On a hot September day we plodded up the stone steps, pausing now and then to watch tiny lizards basking in the sun, and to take in the constantly changing view. At the top we were grateful for a tap which had been installed for the workmen who were busying bolstering the crumbling fortifications. Without the advantage of a local historian a hike to the summit is really just about the views. There are plenty of hidden corners to explore but I would advise caution as many of them have been utilised as public conveniences, perhaps by walkers, perhaps by courting couples. It's though that there has been a fortress of in some form on this location since the 6th century. The heyday of the fortress was the Ottoman period when a whole town existed within its walls and military used the site as recently as 1912; sadly, today there is only rubble and a few minor stone walls.
It's perfectly possible to get a flavour of Prizren in a day, or even a half day if you don't stop at any museums, but there are a number of interesting sites outside of the city that I would aim to see if I visited again (fairly likely when I go to Macedonia as the Macedonian capital, Skopje is just an hour away). Cafe culture is an important part of Prizren life so you should leave enough time to sample the delights of at least a couple. While its possible to enjoy a beer, and many of the cafes that line the riverbank become very lively after dark, you may feel self conscious if you do because almost everyone else is drinking coffee; the staff won't bat an eye if you order a Peja (the main beer of Kosovo) but you'll likely notice you're the only one drinking beer (contrast that with neighbouring Serbia where a beer is de rigueur at any time of the day or night).
If you do decide to spend longer in Prizren (and after any time in soulless Prishtina I would expect that many backpackers at least would find Prizren a lazy, laidback delight) there is a limited range of accommodation available in the centre but more options if you are prepared to stay slightly out of town where there are many brand new hotels where interior designers have excelled themselves in putting together the most lavish displays of kitsch. There are plenty of places in Prizren to eat out but the majority serve local cuisine, unlike those in Prishtina which offer a wider range of international cuisines. Vegetarians will not starve but will find their options more limited as this is meat country and the Albanian 'qebaptore' (literally a place serving kebabs) are ubiquitous. In summer fish eaters should head to "Mullini i Pintollit", a reconstructed watermill in the quaint Marash district where they serve excellent trout. If you're only staying a short time in Prizren you should make a point of sampling one of the local sweet delicacies. You may well be familiar with baklava which is also found in Turkey and other Middle Eastern countries, but there are other local sweets such as 'ekler' (I'm guessing the name is derived from 'eclair') which are stuffed with rich vanilla cream, and 'revani' which is a delicious moist cake made using sugar water. The "Royal Arabian" which overlooks the river is my pick of the pastry shops.

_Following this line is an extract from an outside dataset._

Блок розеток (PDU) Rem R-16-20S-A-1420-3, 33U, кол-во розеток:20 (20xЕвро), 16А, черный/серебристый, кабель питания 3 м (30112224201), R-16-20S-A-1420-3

If you like Ottoman towns (and I love them!) and happen to be in Kosovo, then you must make time to see Prizren. It would be a terrible shame to visit Kosovo and only see Prishtina, as is the case for many business people (and for those people I would advise extending your stay in order to see somewhere considerably more "Kosovan" and scenic). There may not be a heck of a lot in terms of "attractions" but the pace of life and the charming buildings make Prizren a welcome change from Prishtina. One of my biggest thrills was to see elderly men wearing the "plis", a traditional hat - it's made only of white felt and is a slightly conical (bit with a rounded peak) brimless hat - that you'll only see being worn in Albania and Kosovo. If you ask someone who speaks English they'll direct you to one of a couple of small workshops where these hats are still handmade today. The plis used to be known as the "liberty hat" because those Albanians who wore it refused to be subjugated in slavery and seeing people wearing them still today is a reminder of the struggle for Kosovan independence. Prishtina may be the gleaming international face of Kosovo but to see what the country is really like you do need to see somewhere like Prizren.
Granted it's not the easiest place to get to but a trip to Prizren is essential for anyone spending time in this part of the Balkans.